Centre County Commissioner Michael Pipe, a Democrat, said there are “legitimate” issues with the law; however, mail-in voting is not one of them. Instead, he said, lawmakers should focus on allowing pre-canvassing — which means counties could begin opening, but not counting, mail-in ballots before 7 a.m. on Election Day.
Local elections staff across Pennsylvania and the Department of State have echoed this plea, arguing that more time to process mail-in ballots ahead of Election Day would make for earlier, but still accurate, results.
“If the General Assembly could agree and do the things that 99 percent of people agree on, that’d be great,” Pipe said. “The problem is, I think there’s going to be amendments attached to it that are just going to be poison pills at the end of the day.”

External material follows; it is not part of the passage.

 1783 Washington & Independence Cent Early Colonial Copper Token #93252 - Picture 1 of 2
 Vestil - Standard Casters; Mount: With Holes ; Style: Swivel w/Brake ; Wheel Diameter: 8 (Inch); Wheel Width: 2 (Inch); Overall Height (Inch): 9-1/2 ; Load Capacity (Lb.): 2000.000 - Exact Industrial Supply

In western Pennsylvania, Lawrence County Commissioner Morgan Boyd, a Republican, said elections staff worked out most of the kinks with mail-in ballots ahead of the 2020 November General Election.
But under Act 77, Boyd said it’s almost like county staff is running two elections — one by mail and the other in traditional precincts.
“It’s a system that I think by and large works well. We’ve never sent out a ballot through the mail-in system with incorrect information. We’ve also never received a report that we were able to substantiate which indicated any wrongdoing in Lawrence County as a result of the mail-in ballot system,” Boyd said. “So for me, it’s largely a system that adds a substantial amount of cost to the taxpayers.”
As a solution, Boyd suggested that the state consider moving the deadline to apply for a mail-in ballot back to 15 days before an election — instead of seven.
“That gives us more time to process and lessens the risk of the voter not getting the ballot in time and having to vote through a provisional ballot,” he added.